The ratio of a share's annual dividend to its current price expressed in percent — a core valuation metric that rises mechanically as the share price falls.

Definition

The dividend yield (German Dividendenrendite) is the ratio of the annual dividend paid to shareholders to the current share price. It is expressed in percent and is one of the oldest metrics in fundamental equity analysis.

Dividend yield = Dividend per share / Share price × 100

The metric is dynamic in nature, since the share price moves daily: a stock with a stable dividend whose price falls shows a rising dividend yield — which is not automatically a buy signal but often points to underlying corporate trouble.

Trailing versus forward

In practice two variants are distinguished:

  • Trailing dividend yield — based on the last dividend paid or the past four quarterly dividends. Concretely measurable but historical.
  • Forward dividend yield — based on the estimated or announced upcoming dividend. Forward-looking but subject to forecast uncertainty.

Data providers such as Refinitiv or Bloomberg default to the trailing measure; US brokers usually display the forward number.

Current DACH dividend yields

As of June 2026 (trailing 12 months, rounded):

  • OMV: 7.8% (energy, special dividend in 2025)
  • Verbund: 4.2% (power utility)
  • Erste Group Bank: 6.5%
  • Voestalpine: 4.1%
  • Allianz (DE): 5.3%
  • BASF (DE): 6.8% (cyclical high)
  • Siemens (DE): 2.7%
  • Roche (CH): 3.4%

At the index level, the ATX yields around 5.2%, the DAX about 3.1%, the MSCI World about 1.8%. The high ATX yield reflects the weight of banks and utilities in the Austrian benchmark — and an internationally low valuation level.

Beware the dividend trap

An unusually high dividend yield can be a dividend trap: the price has fallen because the market anticipates a cut. With cyclical companies or banks in a crisis phase, a stated yield of 10-15% can collapse to 0% on the day of the cut — the investor loses not just the dividend but also suffers the prior price drop.

Indicators for sustainable dividends: payout ratio below 70%, free-cash-flow cover above 100%, a stable or growing historical series.

Tax treatment in Austria

Dividends from Austrian shares are subject to KESt of 27.5% at source — the bank pays out only the net amount.

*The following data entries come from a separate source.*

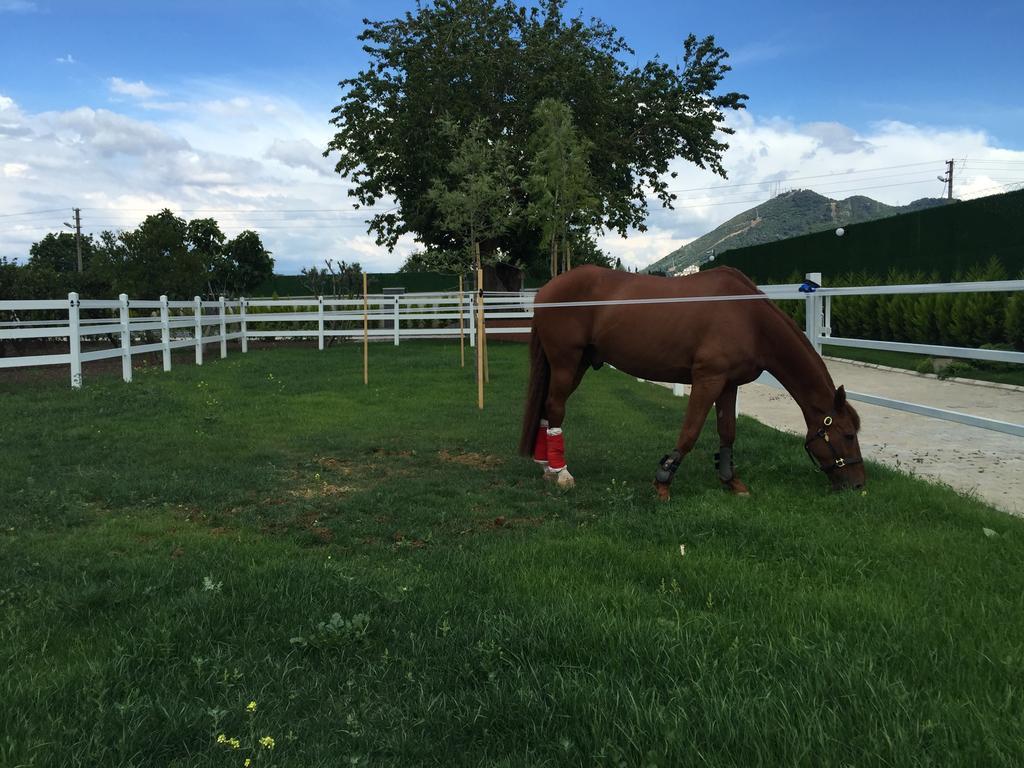 B. Equine Range Hotel Narlidere Bagian luar foto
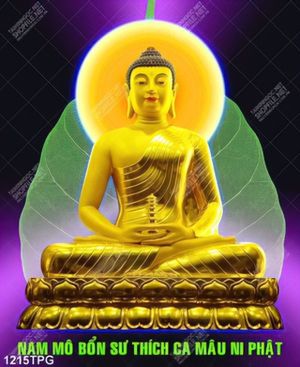 Tranh Nam Mô Bổn Thích Ca Ni Phật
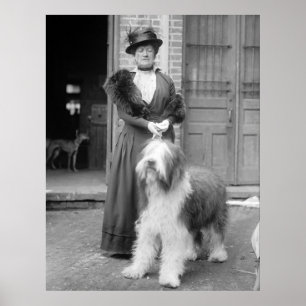 Póster Viejo inglés Sheepdog, 1915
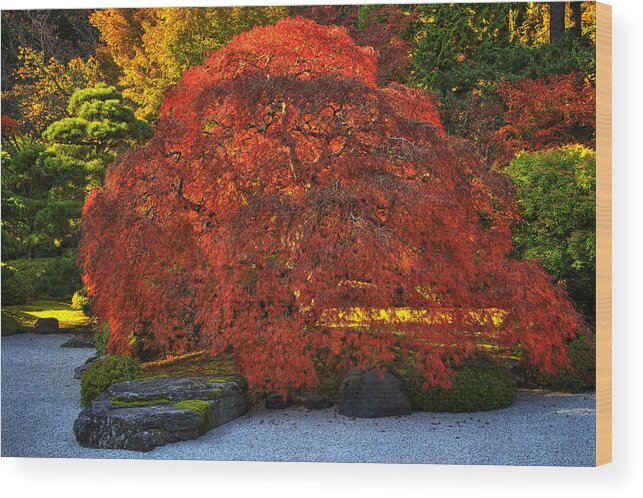 Oregon Wood Print featuring the photograph Flat Garden Maple by Mark Kiver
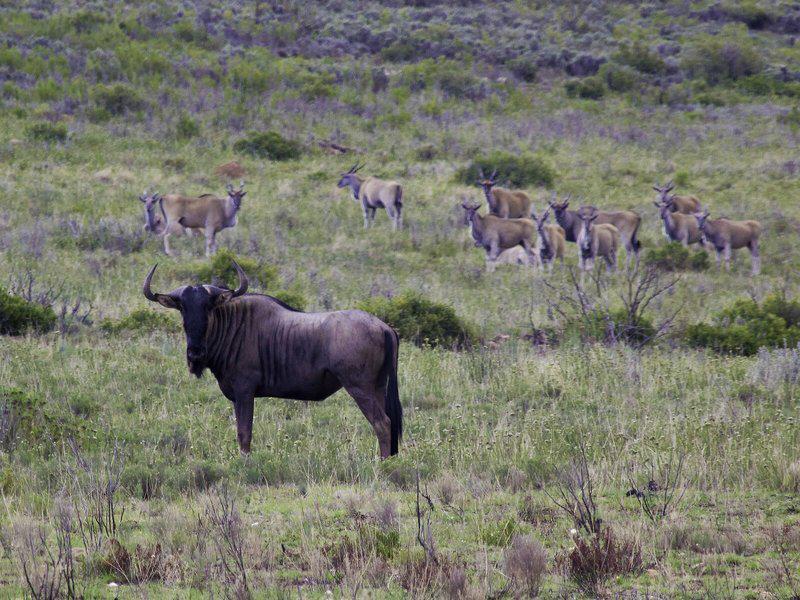 2F74E6D105E0A131714AD4C2DFD9A316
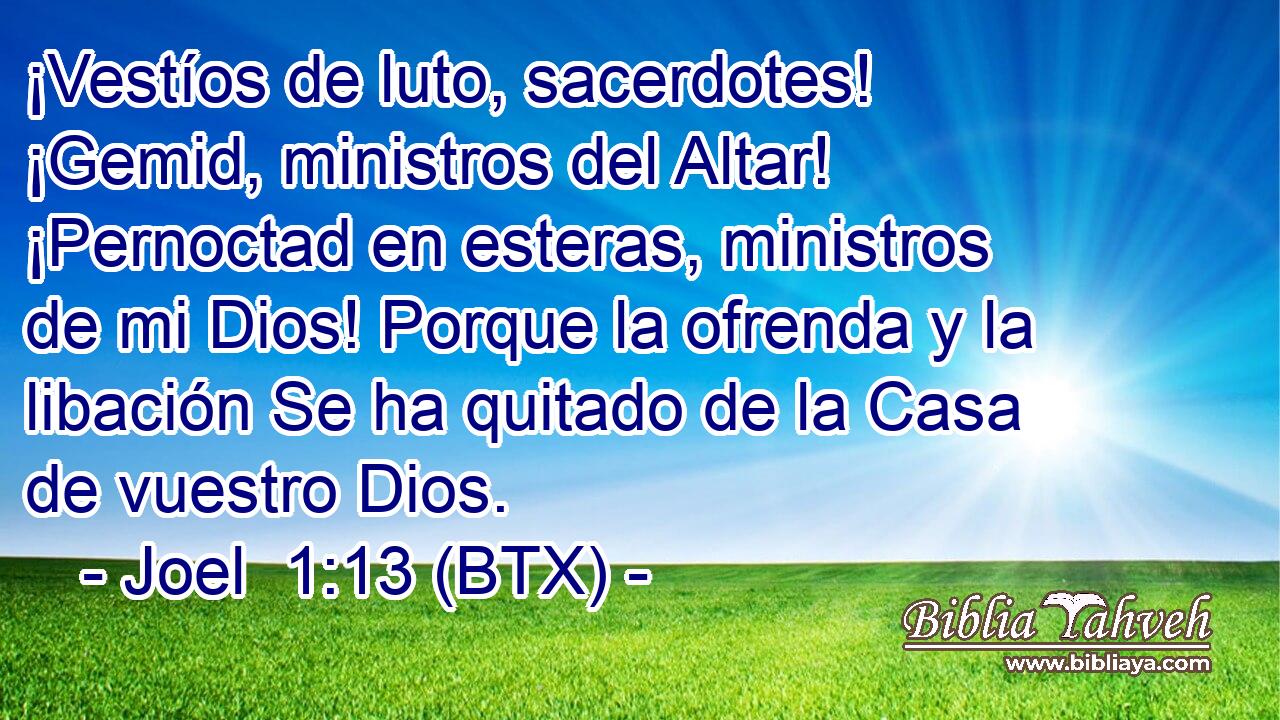 ¡Vestíos de luto, sacerdotes! ¡Gemid, ministros del Altar! ¡Pernoctad en esteras, ministros de mi Dios! Porque la ofrenda y la libación Se ha quitado de la Casa de vuestro Dios.
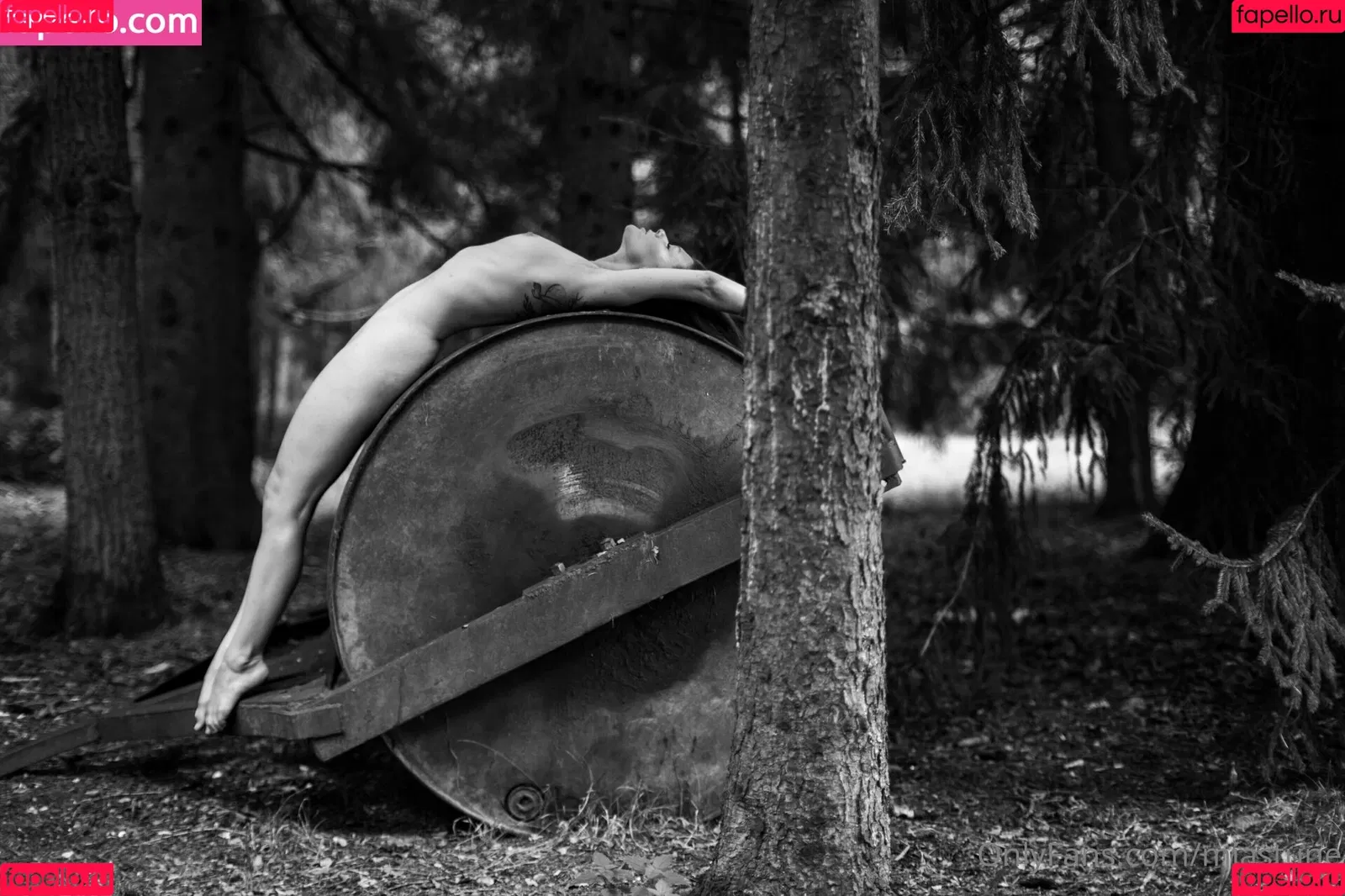 Mia Sollis / miastune Onlyfans Photo Gallery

For foreign dividends (e.g. Nestlé or Roche from Switzerland), an additional withholding tax is deducted abroad. Under the double-taxation treaty this can be partly or wholly credited against the Austrian KESt — the residual must be reclaimed by the investor from the foreign tax authority, which is administratively burdensome.

A more elegant alternative for many investors are accumulating ETFs, which reinvest dividends inside the fund and bypass the entire withholding-reclaim apparatus.